Introduction to Mark

What is a Gospel?

Mark’s Gospel is a collection of the deeds and message of Jesus, held in the collective memory of Mark’s community of believers. It is neither a biography (a “life of Jesus”), nor a theological treatise, nor a text prepared expressly to help prayer. In this it is unlike any modern literary work. Mark selected and arranged events in a loose storyline (not necessarily in chronological order). The narrative was essentially a series of dramatic tableaux that picked up what Mark and his community, from their faith-filled vantage point, saw to be the implications for them of the life and message of Jesus. Against the background of their changing situation and ever-new questions, Mark endeavoured through his writing to translate Jesus’ message of conversion into the practicalities of his own situation.

The stories he chose to use were stories that no doubt had been told and retold many times over the years, pondered on at length, with details selectively emphasised (or forgotten), as the meaning of Jesus’ life and death and his impact on the community had gradually become clearer. This Jesus was a Jew from Galilee, crucified in Jerusalem forty or so years previously (probably the year 30 A.D.), on a political charge, by order of the Roman military authority occupying Judaea. Mark and his community believed that this Jesus, whom they had made the centre of their lives, was raised to life by God and was alive with an utterly new and different human life. In line with the concluding scene of his text, he had met them in Galilee and, though not visibly present among them, powerfully influenced their lives.

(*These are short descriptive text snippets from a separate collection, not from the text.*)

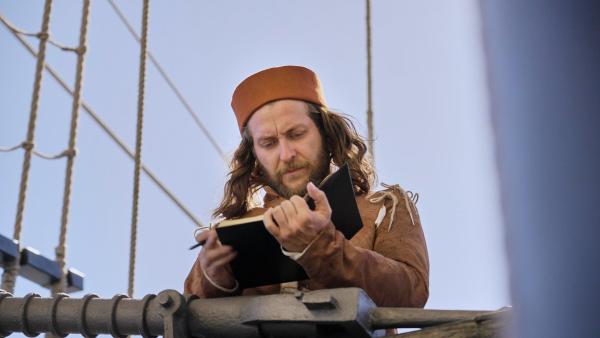 Bild 1 von 14: Amerigo Vespucchi (Michele Guidi) schreibt sein bahnbrechendes Werk \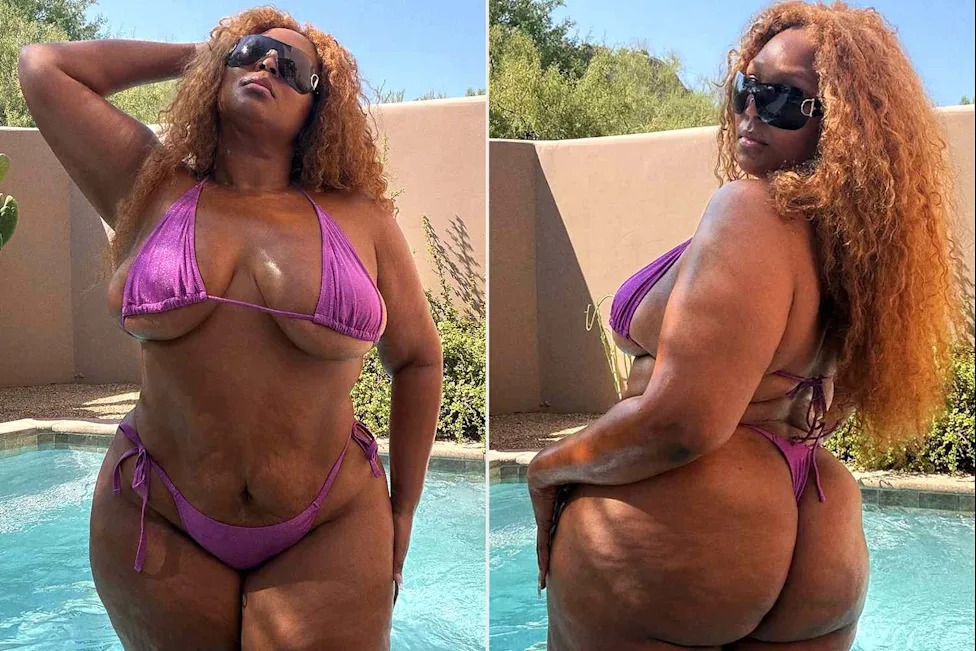 Lizzo rings in ‘Fat Liberation Month’ in a teeny purple string bikini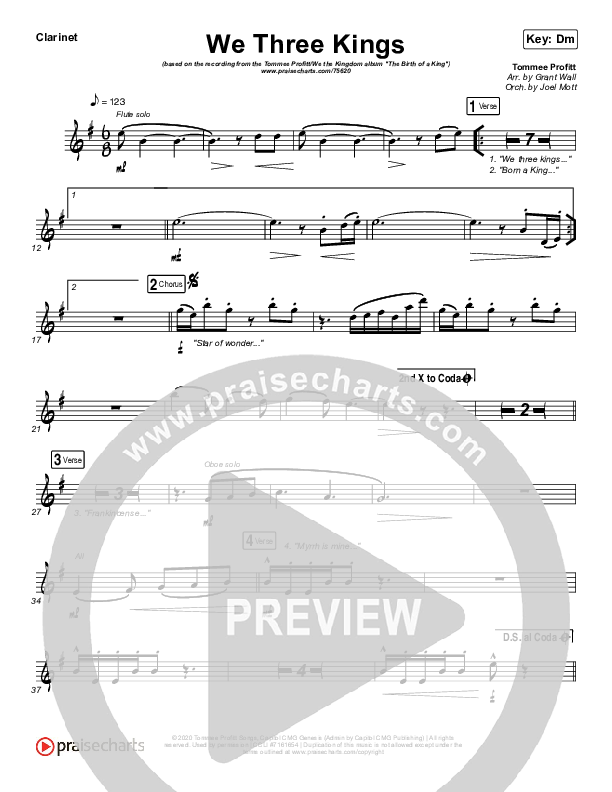 We Three Kings Clarinet 1,2 (Tommee Profitt / We The Kingdom)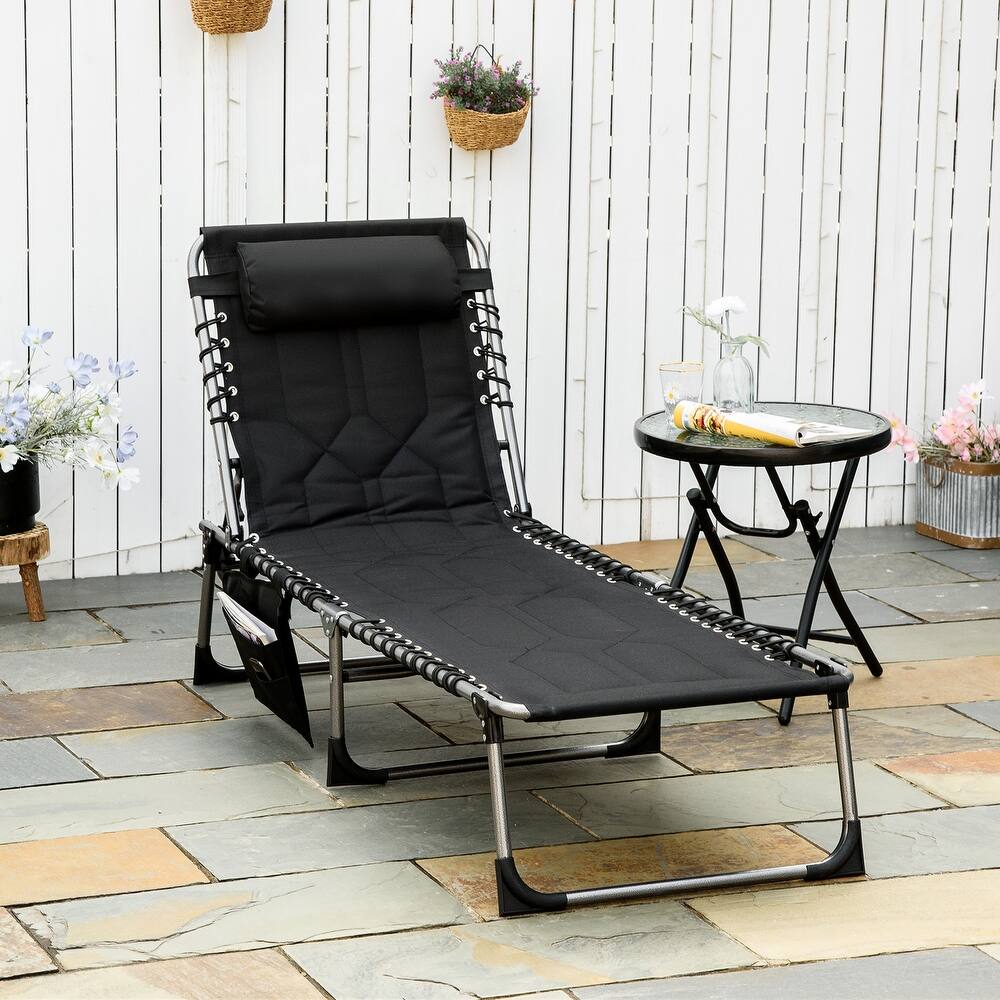 Outsunny Folding Chaise Lounge Chair, Outdoor Padded Reclining Chair with 5-position Adjustable Backrest, Pillow and Pocket
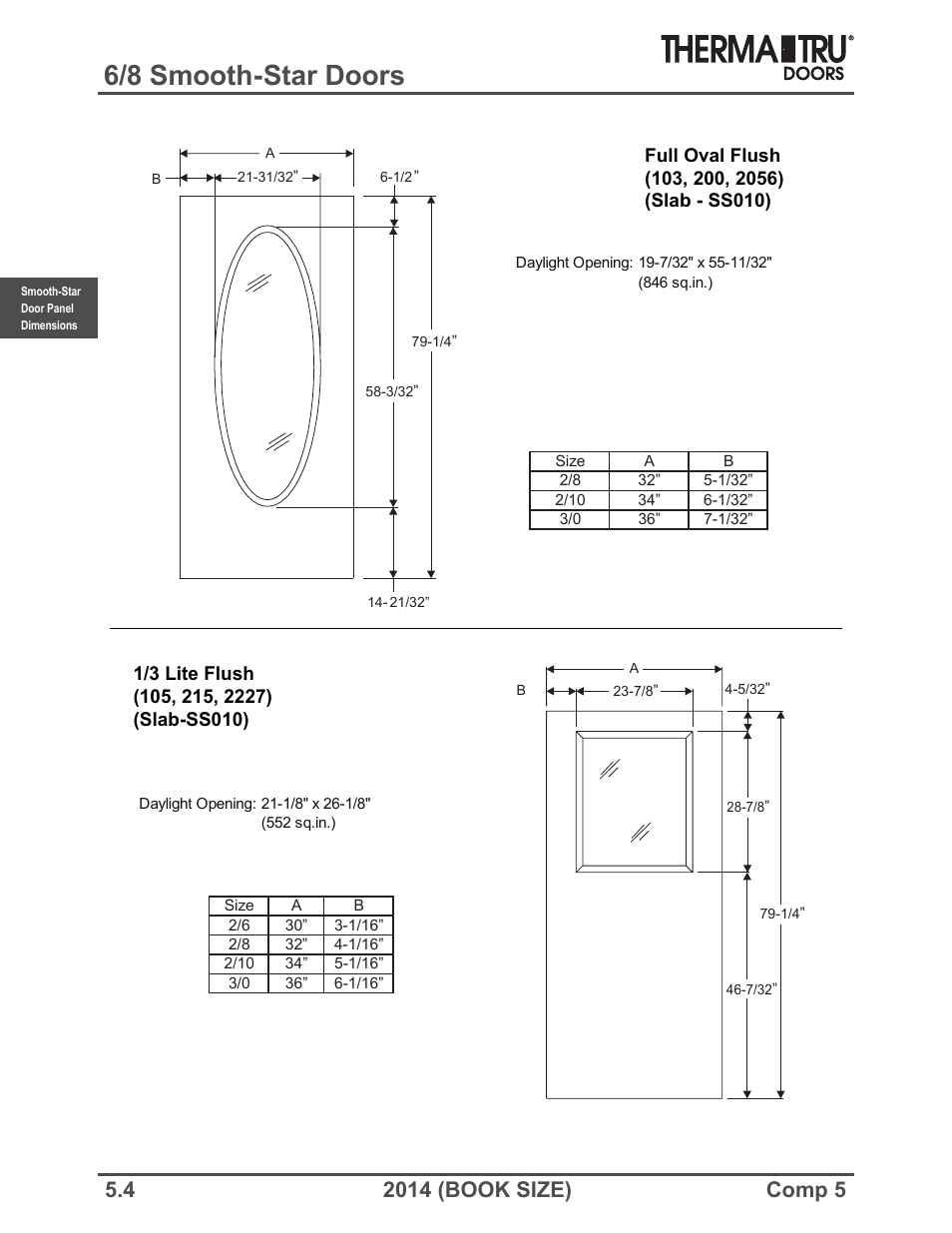 6/8 smooth-star doors | Therma-Tru COMP 5 Smooth-Star Door Panel Dimensions - Book Size User Manual | Page 4 / 36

The Gospel was based on the memories preserved in the communities. The details of actual events and conversations were not accurately noted and recorded at the time they happened. 


Is the Gospel  Historical? 

Any event is perceived through the sifting apparatus of an observer's capacity to comprehend and understand. Different people witnessing the same event will absorb its meaning and even take in its details and prioritise them differently.
 
Mark’s story of Jesus did not present a documentary recording but a reconstruction drawn from people’s sometimes second or third-hand recollections and made many years after the events. These memories were held within a faith community that had its own particular cultural needs, questions and perceptions of what was relevant and what was not. Theirs was an age and culture concerned more with meanings of events than with accurate reporting of concrete details. We do a disservice to ourselves, and to the participants in the narrative, to interpret the story with a literal mind-set.
 

We do not know the author of the text. An early tradition identified the gospel with “Mark”, but this may have been more an educated guess than an historical certainty. It does not matter. There is no agreement among scholars today where the text originated. Most would agree that it was written shortly before the destruction of the Jewish temple in Jerusalem in the year 70 A.D., possibly while the Jewish war of resistance against the Roman armies was in progress.